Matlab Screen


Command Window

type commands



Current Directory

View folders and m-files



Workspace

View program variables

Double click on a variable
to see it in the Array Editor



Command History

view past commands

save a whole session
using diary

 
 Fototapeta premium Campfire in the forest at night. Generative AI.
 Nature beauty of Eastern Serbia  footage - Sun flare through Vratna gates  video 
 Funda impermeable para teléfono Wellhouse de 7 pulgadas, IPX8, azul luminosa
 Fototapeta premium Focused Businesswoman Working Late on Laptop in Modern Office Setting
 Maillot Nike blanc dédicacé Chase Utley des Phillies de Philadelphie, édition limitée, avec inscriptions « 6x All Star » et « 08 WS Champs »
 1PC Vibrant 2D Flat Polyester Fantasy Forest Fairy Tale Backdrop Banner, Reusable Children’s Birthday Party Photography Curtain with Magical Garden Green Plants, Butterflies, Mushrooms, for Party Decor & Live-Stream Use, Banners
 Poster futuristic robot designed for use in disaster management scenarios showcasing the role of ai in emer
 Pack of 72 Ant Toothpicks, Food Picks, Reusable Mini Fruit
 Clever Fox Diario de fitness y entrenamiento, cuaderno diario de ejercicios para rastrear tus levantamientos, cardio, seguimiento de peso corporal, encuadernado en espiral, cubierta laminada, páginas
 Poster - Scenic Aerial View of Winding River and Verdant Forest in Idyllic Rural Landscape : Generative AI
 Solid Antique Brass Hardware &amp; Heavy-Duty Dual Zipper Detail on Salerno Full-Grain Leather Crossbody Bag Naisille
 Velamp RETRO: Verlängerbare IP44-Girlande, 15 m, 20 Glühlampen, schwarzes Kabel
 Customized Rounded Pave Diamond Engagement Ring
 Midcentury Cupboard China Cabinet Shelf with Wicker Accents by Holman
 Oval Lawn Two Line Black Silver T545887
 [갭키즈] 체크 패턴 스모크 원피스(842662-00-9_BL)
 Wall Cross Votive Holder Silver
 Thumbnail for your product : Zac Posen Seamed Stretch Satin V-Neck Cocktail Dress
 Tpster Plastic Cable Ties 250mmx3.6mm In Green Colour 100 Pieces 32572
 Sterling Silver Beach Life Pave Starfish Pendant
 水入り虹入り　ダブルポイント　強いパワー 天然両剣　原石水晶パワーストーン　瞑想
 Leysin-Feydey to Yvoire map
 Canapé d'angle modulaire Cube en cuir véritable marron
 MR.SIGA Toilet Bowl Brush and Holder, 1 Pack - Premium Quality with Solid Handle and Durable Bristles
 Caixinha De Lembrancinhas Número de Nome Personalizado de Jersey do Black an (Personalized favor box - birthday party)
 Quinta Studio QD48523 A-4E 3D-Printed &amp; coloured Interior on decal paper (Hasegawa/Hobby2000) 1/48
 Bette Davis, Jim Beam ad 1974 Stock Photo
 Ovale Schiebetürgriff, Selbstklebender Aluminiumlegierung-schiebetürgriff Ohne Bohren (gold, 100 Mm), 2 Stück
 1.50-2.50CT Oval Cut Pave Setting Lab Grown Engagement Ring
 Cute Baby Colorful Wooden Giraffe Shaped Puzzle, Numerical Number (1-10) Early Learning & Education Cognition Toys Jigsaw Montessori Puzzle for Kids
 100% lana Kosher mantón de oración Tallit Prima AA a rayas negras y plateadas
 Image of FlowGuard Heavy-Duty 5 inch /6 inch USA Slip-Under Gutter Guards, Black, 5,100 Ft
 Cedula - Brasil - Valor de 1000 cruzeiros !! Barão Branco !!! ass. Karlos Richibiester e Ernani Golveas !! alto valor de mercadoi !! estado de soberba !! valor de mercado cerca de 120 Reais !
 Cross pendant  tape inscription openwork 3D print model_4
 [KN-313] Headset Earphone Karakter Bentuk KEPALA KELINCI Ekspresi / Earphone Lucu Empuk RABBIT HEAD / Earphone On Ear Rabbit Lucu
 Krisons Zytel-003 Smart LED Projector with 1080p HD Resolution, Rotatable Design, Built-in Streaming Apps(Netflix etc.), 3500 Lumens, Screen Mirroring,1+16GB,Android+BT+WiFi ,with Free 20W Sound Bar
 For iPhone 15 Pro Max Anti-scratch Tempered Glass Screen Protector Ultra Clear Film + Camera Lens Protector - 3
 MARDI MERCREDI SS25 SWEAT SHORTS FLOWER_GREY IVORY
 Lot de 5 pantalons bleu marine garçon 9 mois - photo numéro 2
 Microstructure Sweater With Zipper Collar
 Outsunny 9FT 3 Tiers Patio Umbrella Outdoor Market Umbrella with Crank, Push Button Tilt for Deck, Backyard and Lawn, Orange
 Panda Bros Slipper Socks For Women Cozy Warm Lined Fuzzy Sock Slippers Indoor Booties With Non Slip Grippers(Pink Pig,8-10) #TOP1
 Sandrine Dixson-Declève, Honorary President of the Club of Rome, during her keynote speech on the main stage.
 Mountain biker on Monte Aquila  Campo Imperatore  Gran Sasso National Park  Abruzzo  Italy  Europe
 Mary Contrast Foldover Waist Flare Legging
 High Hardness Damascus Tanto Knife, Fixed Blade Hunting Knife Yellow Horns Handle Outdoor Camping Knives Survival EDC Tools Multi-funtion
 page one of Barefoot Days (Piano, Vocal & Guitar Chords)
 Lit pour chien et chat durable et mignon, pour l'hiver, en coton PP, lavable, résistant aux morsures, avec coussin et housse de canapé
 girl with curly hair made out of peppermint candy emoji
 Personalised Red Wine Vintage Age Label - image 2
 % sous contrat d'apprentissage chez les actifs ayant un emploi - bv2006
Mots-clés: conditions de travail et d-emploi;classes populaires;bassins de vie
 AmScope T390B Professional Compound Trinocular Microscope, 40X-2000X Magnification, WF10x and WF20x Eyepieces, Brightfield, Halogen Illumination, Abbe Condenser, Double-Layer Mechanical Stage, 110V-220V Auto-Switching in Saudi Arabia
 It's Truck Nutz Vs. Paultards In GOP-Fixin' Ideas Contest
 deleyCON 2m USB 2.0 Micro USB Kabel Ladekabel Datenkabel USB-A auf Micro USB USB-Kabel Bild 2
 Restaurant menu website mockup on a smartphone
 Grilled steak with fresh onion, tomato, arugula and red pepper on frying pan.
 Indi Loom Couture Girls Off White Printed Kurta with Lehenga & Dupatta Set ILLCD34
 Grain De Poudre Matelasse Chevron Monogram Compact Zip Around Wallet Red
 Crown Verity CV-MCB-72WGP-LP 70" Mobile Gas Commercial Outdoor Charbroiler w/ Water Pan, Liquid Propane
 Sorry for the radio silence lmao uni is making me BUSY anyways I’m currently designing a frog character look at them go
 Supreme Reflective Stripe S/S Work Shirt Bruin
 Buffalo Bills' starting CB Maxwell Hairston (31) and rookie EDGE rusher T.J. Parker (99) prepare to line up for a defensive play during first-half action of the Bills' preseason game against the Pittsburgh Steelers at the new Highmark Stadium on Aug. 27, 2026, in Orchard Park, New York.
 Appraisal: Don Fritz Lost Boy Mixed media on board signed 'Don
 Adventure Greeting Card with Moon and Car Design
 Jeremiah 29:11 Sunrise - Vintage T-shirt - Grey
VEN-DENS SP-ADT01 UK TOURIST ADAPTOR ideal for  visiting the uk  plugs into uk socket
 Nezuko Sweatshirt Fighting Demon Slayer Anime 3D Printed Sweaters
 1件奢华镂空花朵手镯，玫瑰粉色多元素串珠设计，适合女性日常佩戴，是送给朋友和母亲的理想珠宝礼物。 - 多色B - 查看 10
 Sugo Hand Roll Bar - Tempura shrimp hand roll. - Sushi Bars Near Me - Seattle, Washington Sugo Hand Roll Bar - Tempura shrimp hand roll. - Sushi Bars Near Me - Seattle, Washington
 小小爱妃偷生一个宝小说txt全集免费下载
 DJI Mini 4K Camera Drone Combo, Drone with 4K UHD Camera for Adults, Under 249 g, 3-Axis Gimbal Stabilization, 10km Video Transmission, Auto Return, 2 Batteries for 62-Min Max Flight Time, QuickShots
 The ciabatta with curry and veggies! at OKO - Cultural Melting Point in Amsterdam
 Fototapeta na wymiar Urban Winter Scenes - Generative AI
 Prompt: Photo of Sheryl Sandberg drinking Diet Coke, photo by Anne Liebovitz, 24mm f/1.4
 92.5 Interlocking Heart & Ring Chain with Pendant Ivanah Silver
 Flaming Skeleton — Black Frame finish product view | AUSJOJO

- - -

• _Task requirements_
The answer should be nothing more than the lines from the one with "Buffalo Bills' starting" through the end of the entries, restated word for word.

• _Worked solution_
 Buffalo Bills' starting CB Maxwell Hairston (31) and rookie EDGE rusher T.J. Parker (99) prepare to line up for a defensive play during first-half action of the Bills' preseason game against the Pittsburgh Steelers at the new Highmark Stadium on Aug. 27, 2026, in Orchard Park, New York.
 Appraisal: Don Fritz Lost Boy Mixed media on board signed 'Don
 Adventure Greeting Card with Moon and Car Design
 Jeremiah 29:11 Sunrise - Vintage T-shirt - Grey
VEN-DENS SP-ADT01 UK TOURIST ADAPTOR ideal for  visiting the uk  plugs into uk socket
 Nezuko Sweatshirt Fighting Demon Slayer Anime 3D Printed Sweaters
 1件奢华镂空花朵手镯，玫瑰粉色多元素串珠设计，适合女性日常佩戴，是送给朋友和母亲的理想珠宝礼物。 - 多色B - 查看 10
 Sugo Hand Roll Bar - Tempura shrimp hand roll. - Sushi Bars Near Me - Seattle, Washington Sugo Hand Roll Bar - Tempura shrimp hand roll. - Sushi Bars Near Me - Seattle, Washington
 小小爱妃偷生一个宝小说txt全集免费下载
 DJI Mini 4K Camera Drone Combo, Drone with 4K UHD Camera for Adults, Under 249 g, 3-Axis Gimbal Stabilization, 10km Video Transmission, Auto Return, 2 Batteries for 62-Min Max Flight Time, QuickShots
 The ciabatta with curry and veggies! at OKO - Cultural Melting Point in Amsterdam
 Fototapeta na wymiar Urban Winter Scenes - Generative AI
 Prompt: Photo of Sheryl Sandberg drinking Diet Coke, photo by Anne Liebovitz, 24mm f/1.4
 92.5 Interlocking Heart & Ring Chain with Pendant Ivanah Silver
 Flaming Skeleton — Black Frame finish product view | AUSJOJO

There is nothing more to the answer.